Par ailleurs, comme l’écrit Faouzi Skali, « En islam, tous les rites ont des prototypes célestes, cosmiques, liant chaque geste à une célébration propre au monde spirituel. Ces rituels symbolisent une vision selon laquelle tout être est intégré dans un ordre universel, dans une louange cosmique ».
On peut à cet égard noter que les différentes positions de la prière reproduisent les lettres arabes du nom « Ahmed », le prototype du nom du Prophète Mohammed (Paix et salut sur lui) dans le monde céleste : la position debout pour le « Alif », l’inclinaison pour le « Ha », la prosternation pour le « Mim » et le redressement pour le « Dal ».

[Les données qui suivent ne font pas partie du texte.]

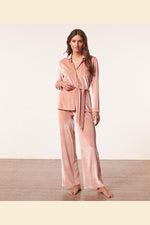 ETAM - מכנסי פיג'מה קטיפה VELVETY ורוד בהיר - MASHBIR//365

On peut enfin remarquer que les temps de la prière se déroulent dans des périodes de plus en plus rapprochées au fur et à mesure de l’avancement de la journée. De même, le Coran commence par les sourates les plus longues, et se termine par les plus courte : on pourrait y voir un symbole de l’accélération du temps qui augmente sans cesse lors de notre période cyclique, une allusion à la contraction progressive du temps et de l’espace que certains ahadiths mentionnent.
Ce ne sont là que quelques explications symboliques qui sont suggérées, quelques allusions rapides, et, comme pour tout symbole de source divine, une quantité d’autres interprétations pourraient être extraites de ce rituel de la prière. A chacun d’ouvrir son cœur à toutes ces significations….
Et Dieu est plus savant.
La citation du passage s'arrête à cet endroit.